Une fois inscrits auprès du CANAFE, les fournisseurs de services de paiement et les plateformes qui sollicitent des dons sont tenus de produire des déclarations d’opération douteuse, des déclarations de biens appartenant à un groupe terroriste, des déclarations d’opérations importantes en espèces (10 000 $ CA ou plus au cours d'une même période de 24 heures), des déclarations de télévirement vers le Canada ou vers l’étranger (10 000 $ CA ou plus au cours d'une même période de 24 heures) et des déclarations de réception d’une somme importante en monnaie virtuelle (10 000 $ CA ou plus au cours d'une même période de 24 heures).

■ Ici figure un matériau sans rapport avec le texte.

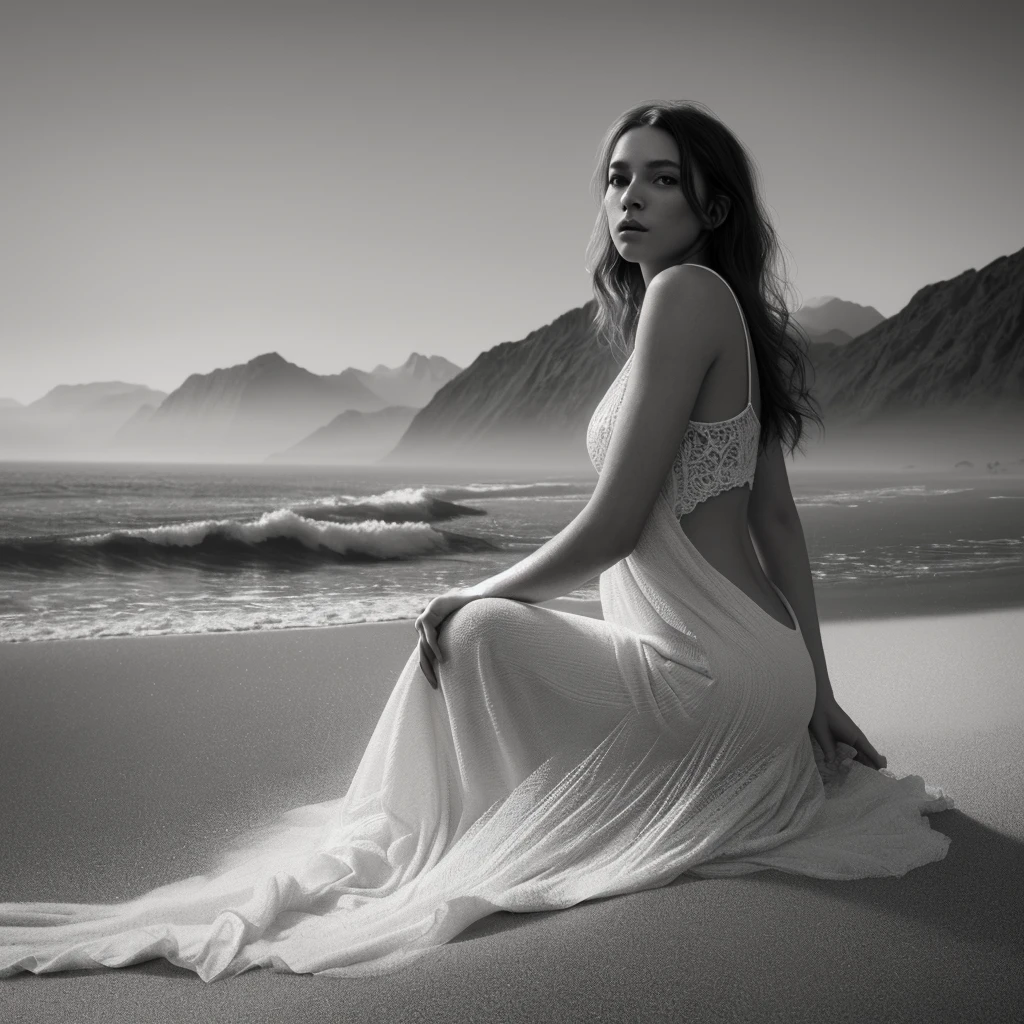 a woman, sketch style, black and white still, digital Art, perfect composition, beautiful detailed intricate octane render trending on artstation, 8 k artistic photography, photorealistic concept art, soft natural volumetric cinematic perfect light, award - winning photograph,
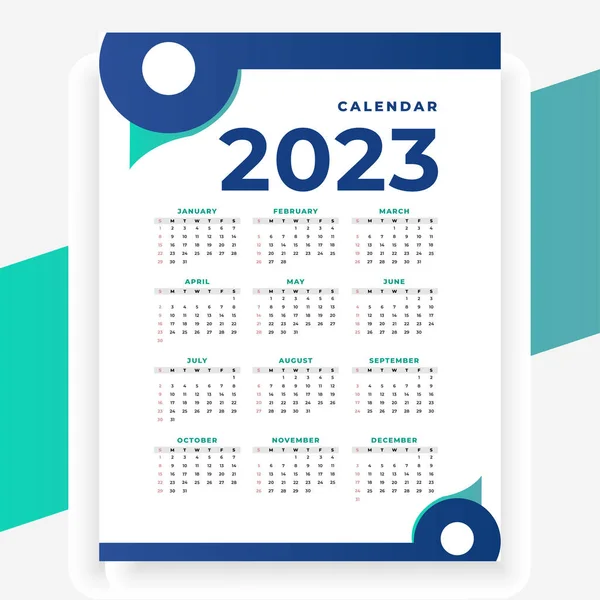 stock vector 2023 paper modern calendar layout in printable style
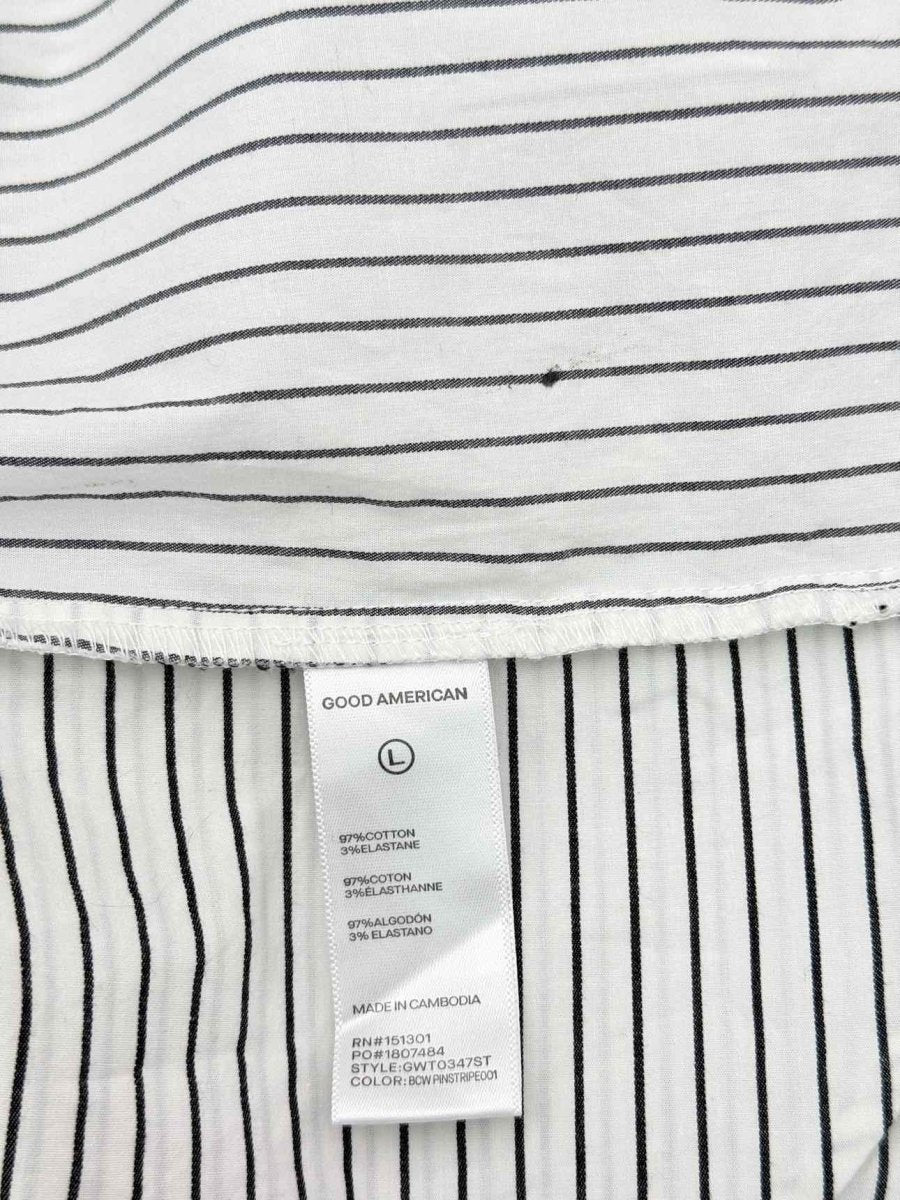 Pre-loved GOOD AMERICAN White & Black Striped Size Large Shirt at Reems Closet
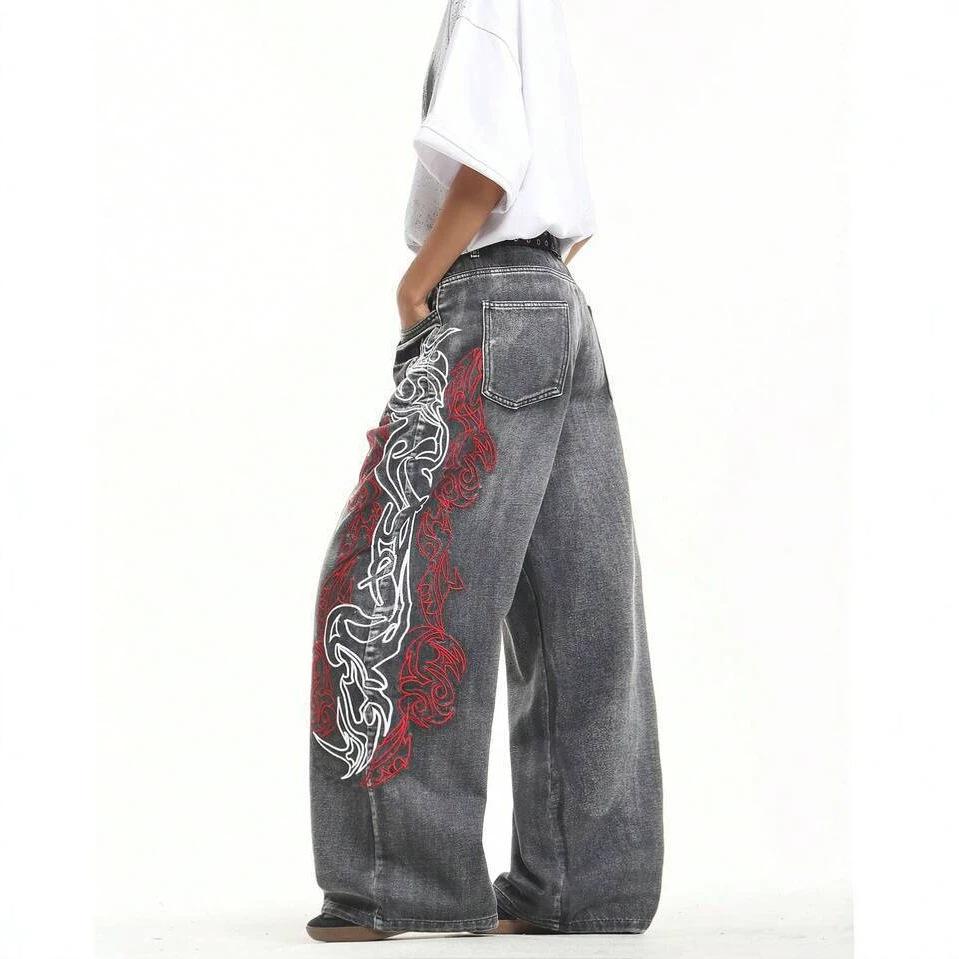 European and American Jeans Red and White Dragon Pattern Embroidery Design Sense High Waist Washed Loose Straight Mopping Jeans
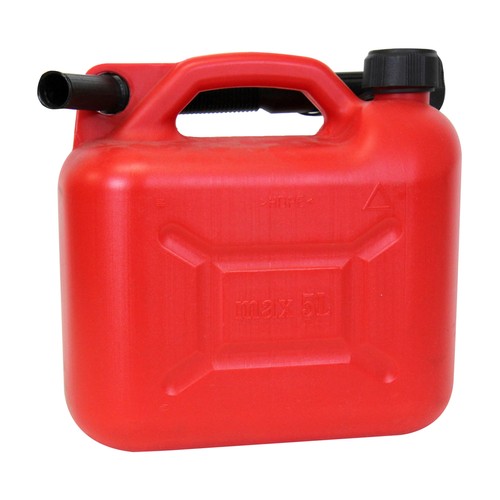 Bidón de 10 litros, homologado y resistente plástico de color rojo ROLMOVIL.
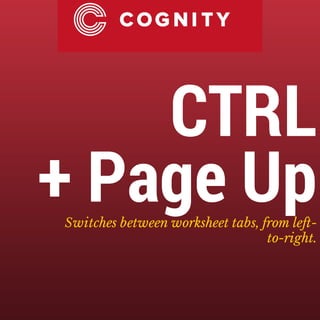 CTRL 
+ Page Up 
Switches between worksheet tabs, from left-to- 
right. 
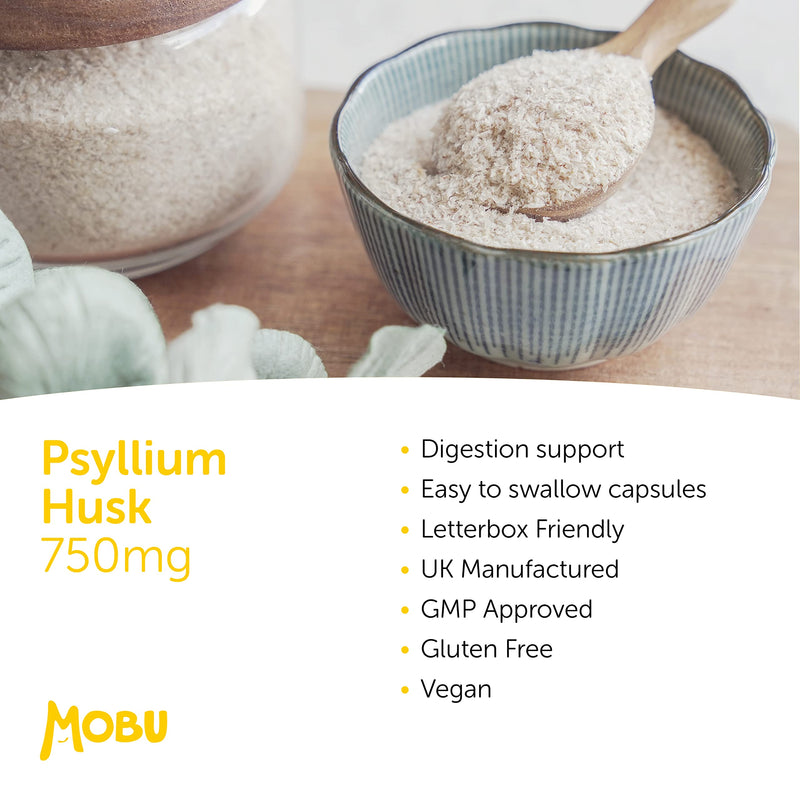 Psyllium Husk 750mg 120 Capsules | Fibre Supplement | High in Soluble Fibre | Digestion Support | Vegan UK Made | GMP Approved | MOBU - BeesActive Australia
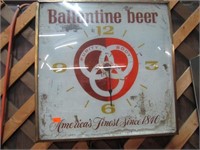 BALLANTINE BEER CLOCK SIGN -- NO PLUG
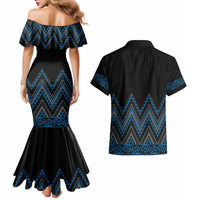 Blue Aotearoa Mangopare Kowhaiwhai and Niho Taniwha Couples Matching Mermaid Dress and Hawaiian Shirt Maori New Zealand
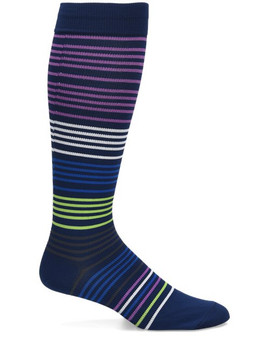 Nurse Mates Men's Graduated Compression Socks in Navy Multi Stripe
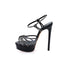 CASADEI® - Sandales Plateformes Femmes en cuir noir - Flora Cristal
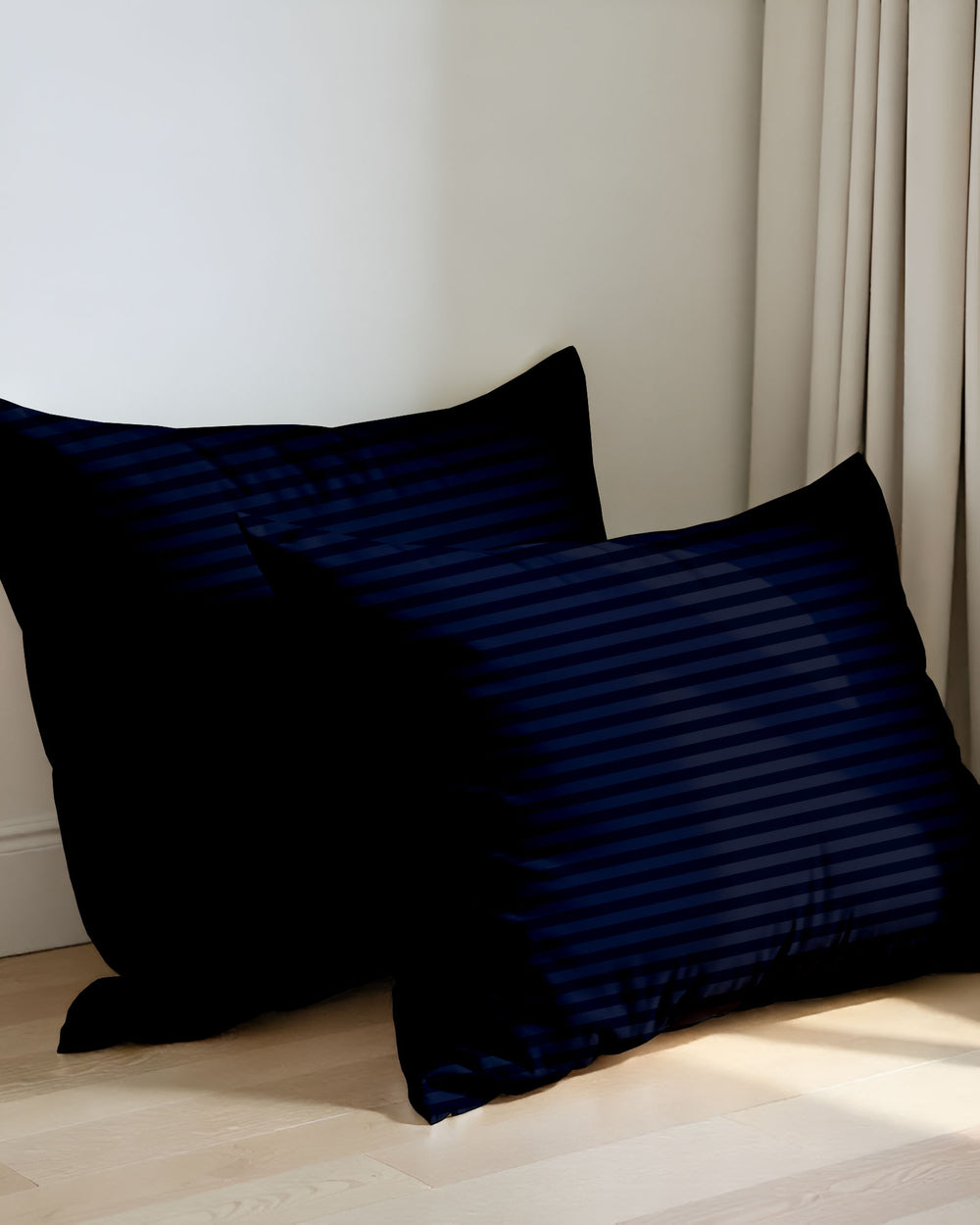 Midnight Coast Navy Striped 2 Piece Pillow Covers-Pillowcases-Cottingon-Slumber Sphere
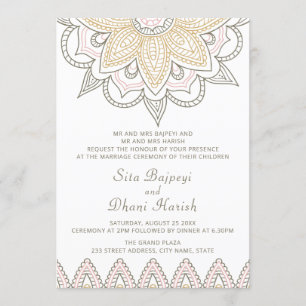 Indian Mehndi Hindu Elegant Sophisticated Wedding Invitation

Bien que l’adoption du Décret et l’invocation de la Loi sur les mesures d’urgence soient remarquables en soi, et à bien des égards, elles font forte impression du côté des services financiers, puisqu’elles donnent une idée des types d’entités qui, à l’avenir, pourraient bien être assujetties aux dispositions de la LRPCFAT qui concernent les entreprises de services monétaires. Le CANAFE a jusqu’ici toujours convenu que les entités exerçant des activités liées au traitement des paiements n’étaient pas considérées comme des entreprises de services monétaires aux fins de la LRPCFAT. Il semblerait toutefois que les choses pourraient changer, et que les fournisseurs de services de paiement seront éventuellement réputés constituer des entreprises de services monétaires, probablement lorsque la LAAPD entrera en vigueur.
Les entités visées auraient tout intérêt à consulter leurs conseillers juridiques relativement à ces dispositions législatives ou aux incidences de celles-ci sur leurs obligations légales et contractuelles.
La déclaration d’état d’urgence cessera d’avoir effet après 30 jours, sauf si elle est prolongée. Cette prolongation devra être confirmée par la Chambre des communes et le Sénat dans un délai prescrit.